RATINGS: IDC Financial Publishing Inc. [Box 140, Hartland, Wis. 53029] based its 1994 second-quarter ratings on the financial reports filed for the three-month period ended June 30 with the Federal Deposit Insurance Corp. IDC then calculates 38 financial ratios and compares those values for the various banks and produces a single rating for each institution. The chart also shows the rating of the previous quarter.

The rating of individual bank performance falls into six categories. The ratings categories are: 300-to-200, superior; 199-to-165, excellent; 164-to-125 average; 124-to-75, below average; 74-to-2, lowest ratios; 1, rank of one, (highest failure probability).

COLUMN 1 -- TOTAL ASSETS: Total assets of a bank or bank holding company in millions of dollars.

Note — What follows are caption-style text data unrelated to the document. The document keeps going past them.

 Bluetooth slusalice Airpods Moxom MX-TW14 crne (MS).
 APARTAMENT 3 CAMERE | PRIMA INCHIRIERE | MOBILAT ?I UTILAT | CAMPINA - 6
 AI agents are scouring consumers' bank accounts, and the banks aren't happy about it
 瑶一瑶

A bank with $1 billion in assets would show an entry of 1,000.

COLUMN 2 -- EQUITY CAPITAL AS % OF ASSETS: Equity capital is a critical cushion to protect against possible future losses expressed as a percentage of assets. Equity capital includes the interest held in subsidiaries and preferred stock. This ratio is a key measure of a bank's financial reserves.

COLUMN 3 -- NONPERFORMING ASSETS AS % OF EQUITY: Non-accrual loans, restructured debt and repossessed assets, expressed as a percentage of equity capital, measures the relative size of the bank's loans no longer accruing, but that have not been charged off. This ratio reflects the level of substandard loans a bank has in its portfolio and can help project possible future losses.

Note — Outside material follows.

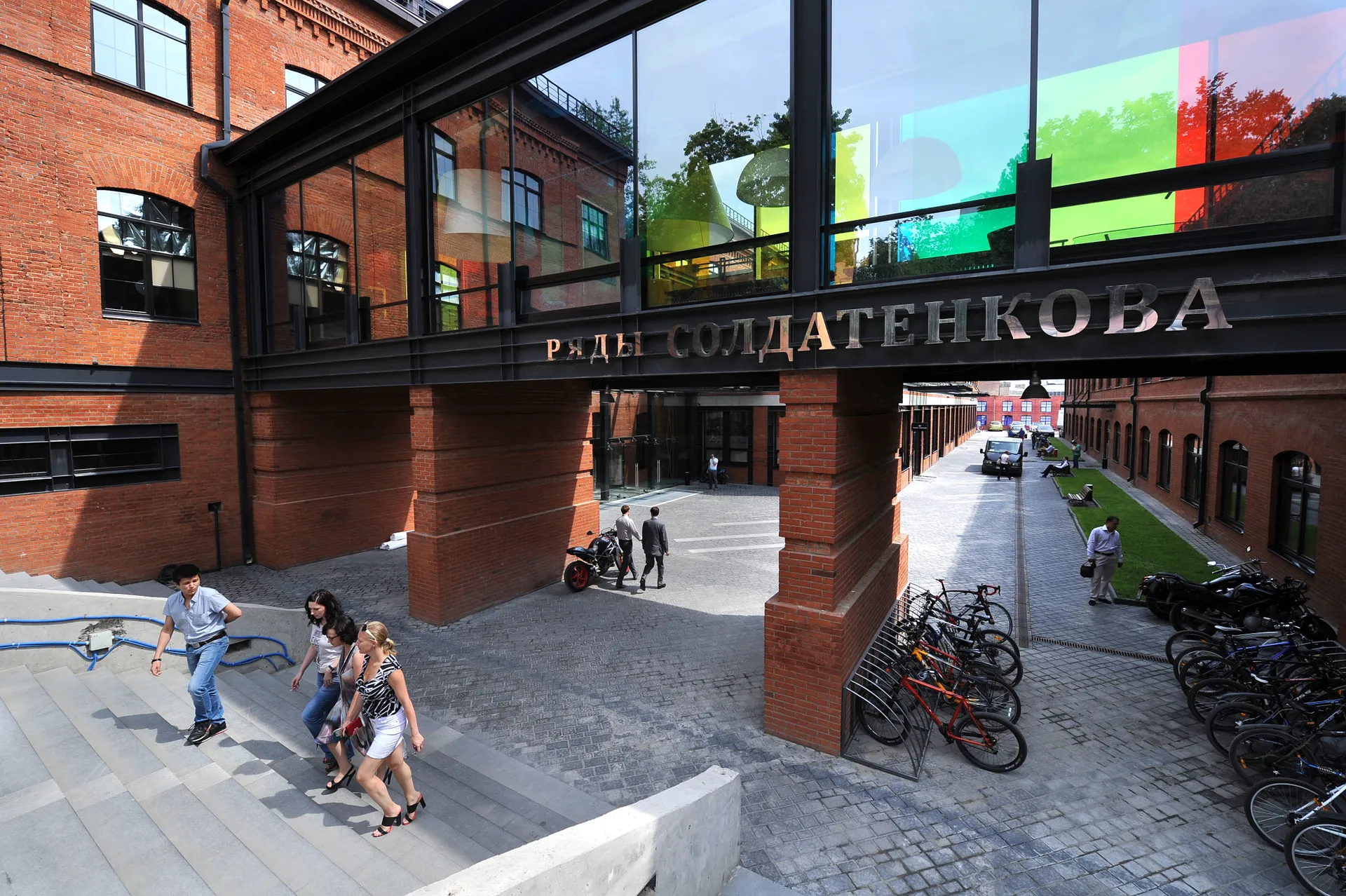 Изображение новости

COLUMN 4 -- NET INCOME AS % OF ASSETS: Income in the past 12 months, as reported, is divided by last year's average assets, expressed as a percentage. Also known as return on assets, this historically has been used as a common measure of a bank's earning performance, relative to its size.

COLUMN 5 -- STOCKHOLDERS' RETURN ON EQUITY: Net income in the past 12 months is divided by average total equity capital. A bank's earnings, compared with the level of stockholder investment, is also a traditional measure of a bank's performance, relative to its size.

COLUMN 6 -- INTERNAL GROWTH RATE OF EQUITY CAPITAL FOR THE PAST YEAR: The internal growth of equity capital is the reinvestment rate of retained earnings after dividends plus the change in the loan loss reserve, expressed as a percentage of capital and loan loss reserves held a year earlier. The internal growth rate of equity can indicate sustainable future growth.